Bencana banjir yang menerjang Kabupaten Mamuju , Sulawesi Barat (Sulbar) tepatnya di Kecamatan Kalukku, Selasa (11/10/2022), menyisakan duka bagi warga setempat. Pasalnya, banjir disertai longsor yang menerjang wilayah itu membuat ribuan kepala keluarga (KK) kehilangan tempat tinggal. Tercatat 13 rumah rusak dan 6 unit lainnya hanyut terbawa arus. Selain itu, sekolah, puskesmas, rumah ibadah dan kantor desa juga rusak diterjang banjir. Badan Penanggulangan Bencana Daerah (BPBD) Kabupaten Mamuju mencatat, sebanyak 1.625 kepala keluarga dengan 5.273 jiwa terdampak banjir dan tanah longsor di Kecamatan Kalukku.(SINDOnews.com, Rabu 12/10/22). 

Banjir juga merendam wilayah Kebon Pala, Kampung Melayu, Jakarta Timur dalam kurun waktu 2 hari terakhir ini. Padahal tidak ada hujan deras tiba-tiba Kali Ciliwung meluap hingga merendam permukiman warga bantaran kali. Air kiriman dari Bendung Katulampa, Bogor melalui Kali Ciliwung menyebabkan beberapa titik di Jakarta Selatan dan Jakarta Timur. Ketua RT 11/05 Kebon Pala Eka mengatakan ketinggian air beberapa hari terakhir mencapai 175 cm. 
Hingga saat ini belum ada satu pun warganya yang kembali mengungsi ke tenda yang telah disediakan pemerintah setempat. Eka meminta ada pembangunan tanggul di sekitar lokasi untuk mencegah terjadinya banjir. (detik.com)

Menurut Kepala Suku Dinas Sumber Daya Air (Kasudin SDA) Jakarta Timur Wawan Kurniawan minimnya normalisasi tanggul di beberapa wilayah DKI Jakarta menjadi salah satu penyebab banjir yang terjadi pada Senin (10/10/2022). Untuk wilayah Jakarta Timur, hanya ada beberapa tanggul yang digunakan untuk menahan air kiriman dari Kali Ciliwung.

"Memang yang terjadi, beberapa titik lokasi belum ada pembebasan. Untuk daerah Cawang, sedang dibangun oleh Pemprov DKI yang bekerja sama dengan pihak ketiga untuk pembebasan langsung sheetpile di Cawang," ujar Wawan kepada Kompas.com, Selasa (11/10/2022).

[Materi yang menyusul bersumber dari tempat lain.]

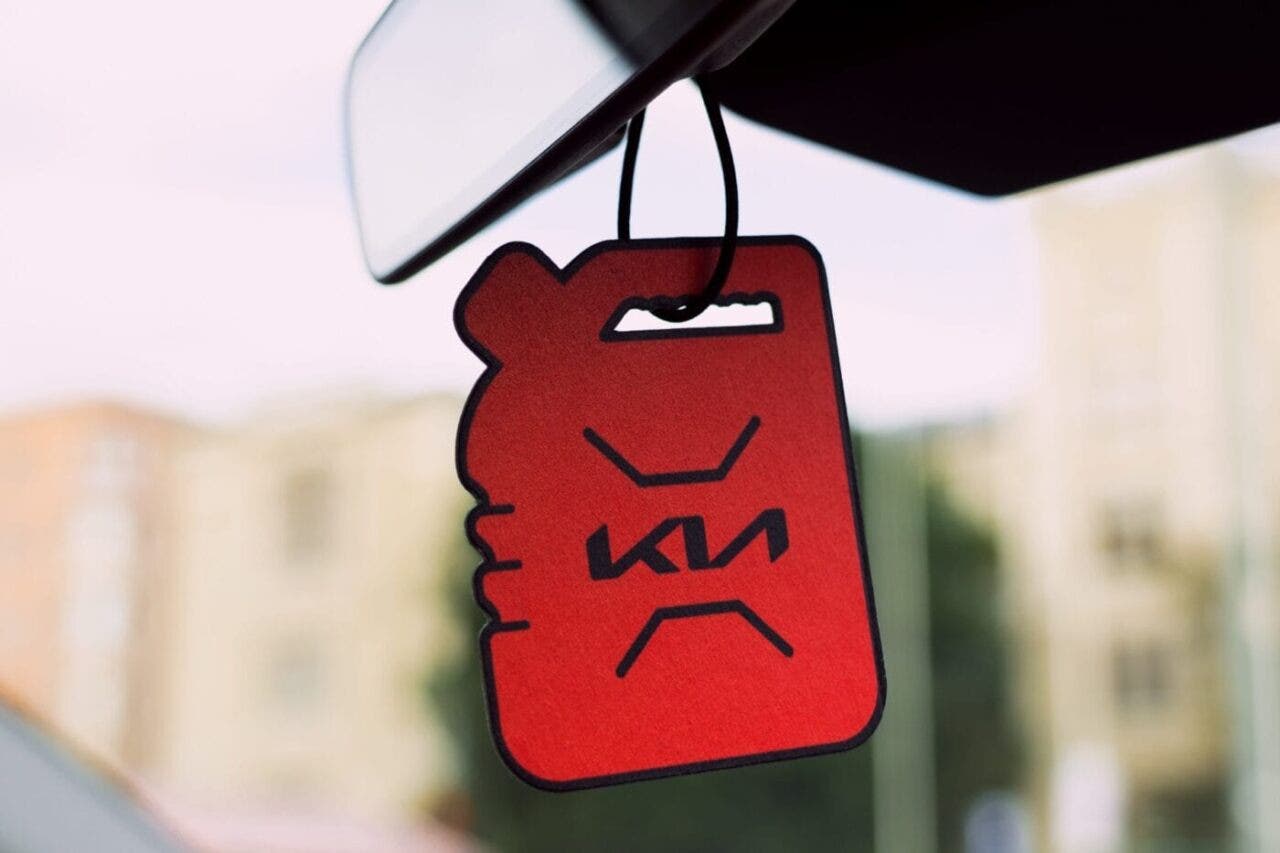 kia, profumo di benzina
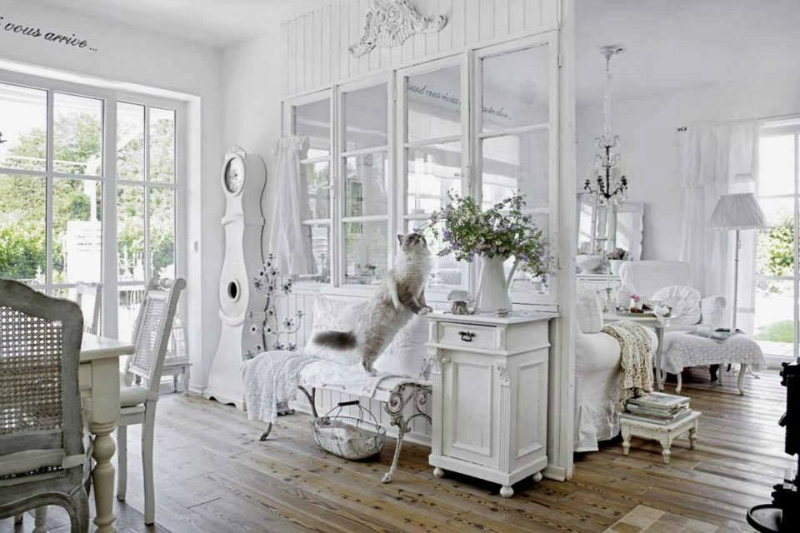 Shabby Chic Interior With Incredible Attention To Details 2
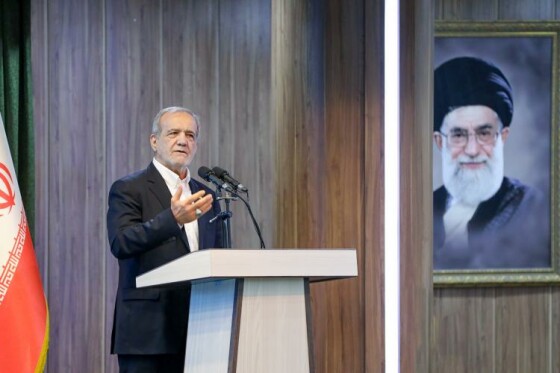 نشست رئیس‌جمهور پزشکیان با سرمایه‌گذاران و فعالان اقتصادی استان آذربایجان غربی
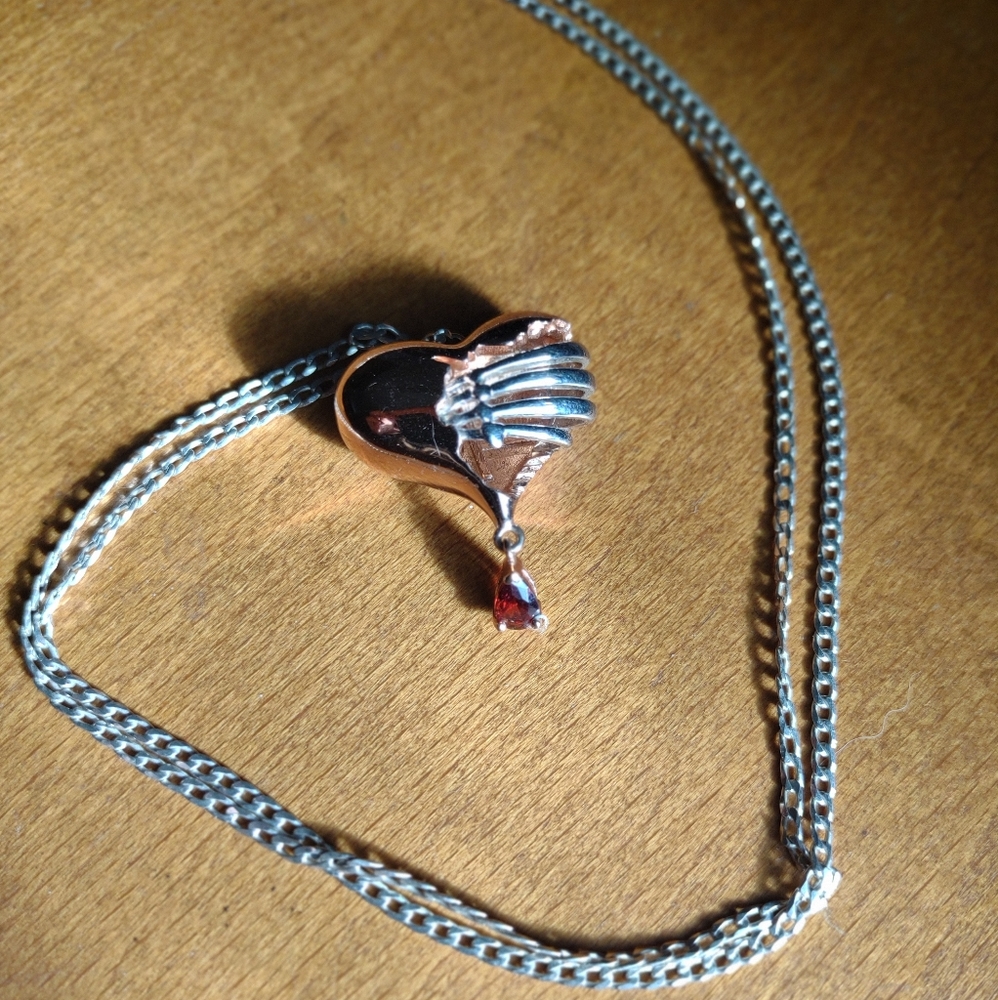 Rose gold heart necklace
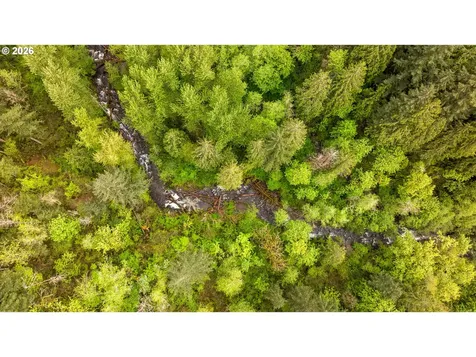 262 Beacon Highland Road Stevenson WA 98648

Hingga hari ini, masalah banjir memang masih menjadi PR besar, tidak hanya bagi pemerintah daerah, tetapi juga pemerintah pusat. Nyaris tiap memasuki musim hujan, banjir dan longsor selalu mengancam berbagai daerah di Indonesia. Penyebabnya pun sangat klise, yakni curah hujan yang tinggi, luapan air atau problem iklim yang tidak bersahabat. Namun, tentu kita tidak boleh lupa, semuanya tidak lepas dari faktor manusia. Banyak aktivitas manusia yang mengakibatkan terjadinya degradasi daya dukung lingkungan, baik di daerah dataran tinggi, dataran rendah, maupun di daerah pantai. Semua ini akhirnya berdampak pada bencana ekologis yang berulang dan terus meluas. Bahkan, munculnya perubahan iklim sendiri ternyata terkait dengan aktivitas manusia yang tidak terkendali.

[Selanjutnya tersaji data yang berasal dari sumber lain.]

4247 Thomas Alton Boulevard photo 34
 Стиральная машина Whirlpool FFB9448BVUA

Sebenarnya penyebab utama bencana banjir sesungguhnya dikarenakan pembangunan yang gencar dilakukan para kapitalis (pemilik modal). Pembangunan yang dilakukan benar-benar tidak akomodatif terhadap daya dukung lingkungan. Bahkan, tampak kebijakan yang dilakukan hanya mengindahkan kepentingan para pemilik modal yang berorientasi bisnis.

UU Omnibus Law misalnya, aturan ini justru bisa memicu kerusakan lingkungan. Di antaranya terkait perizinan usaha yang makin dipermudah dan terbuka lebar di berbagai bidang. Tidak sedikit yang berkaitan dengan penguasaan tanah dan perubahan lingkungan. Artinya, UU ini membuat standar pengawasan dan pengendalian menjadi kian longgar.

Selain itu, kebijakan membuka berbagai kawasan untuk proyek-proyek strategis nasional, seperti pembangunan kawasan food estate, kawasan-kawasan wisata, kawasan perindustrian, wilayah-wilayah pemukiman, dan lain-lain beserta infrastruktur pendukungnya. Semua ini jelas telah mendorong alih fungsi lahan, bahkan membuat banyak bagian tanah tertutup semen dan aspal. 
Menilik penyebabnya, jelas bahwa bencana banjir dan sejenisnya adalah bencana yang sebagian faktor risikonya bisa dikendalikan manusia.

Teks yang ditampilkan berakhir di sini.